Suit Filed to Halt Arizona Tuition Tax Credit Program

Published November 1, 1997

Although Arizona’s innovative school tuition tax credit program will not go into effect until January 1, 1998, a pre-emptive move by the Arizona Education Association seeks to abort the nascent program before it comes into being. On September 30, the state teachers’ union filed suit to quash the measure. In response, the Washington, DC-based Institute for Justice immediately announced that it will intervene on behalf of Arizona parents, children, and taxpayers to preserve the program.

“This is a standard act of desperation by state affiliates of the National Education Association–an organization bent on destroying any and all meaningful school reform,” declared Clint Bolick, the Institute’s director of litigation. “Just as NEA affiliates in Wisconsin and Ohio teamed up in court with liberal organizations to preserve their monopoly over education, the Arizona Education Association is following suit.”

The Arizona school choice measure, passed earlier this year, provides a tax credit of up to $500 to individuals who donate money to scholarship organizations that direct the funds to needy students. (See “Choice Scores Major Triumph in Arizona,” School Reform News, May 1997.) The program builds on the success of private scholarship programs by encouraging donations to new scholarship funds.

“This lawsuit is an outrageous assault on desperately needed educational opportunities for low-income children,” said Bolick, “We’re not surprised the Arizona Education Association is taking these steps to protect its monopoly stranglehold over public education.”

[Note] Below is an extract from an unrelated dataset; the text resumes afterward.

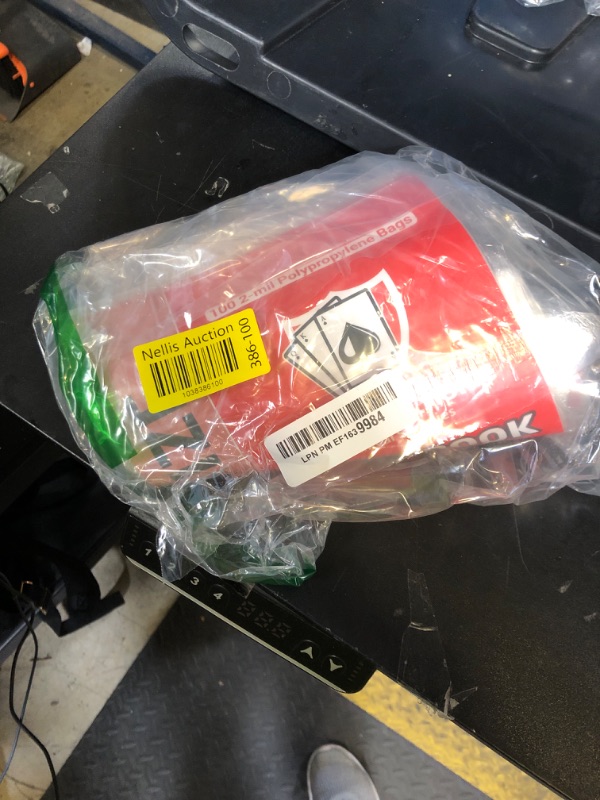 Photo 1 of 100 Count Comic Book Bags, Current Size Comic Bags 7.2 X 10.5 inch Transparent Acid-Free and Reusable Comic Book Sleeves for Regular Comics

In early October, the Institute filed papers in court on behalf of economically disadvantaged families who would benefit from the scholarship programs, as well as Arizona taxpayers who plan to contribute to those programs. The Institute is currently defending similar educational opportunities in Wisconsin, Ohio, Vermont, and Maine. (See for example, “School Choice Goes on the Offensive in Maine,” School Reform News, October 1997.)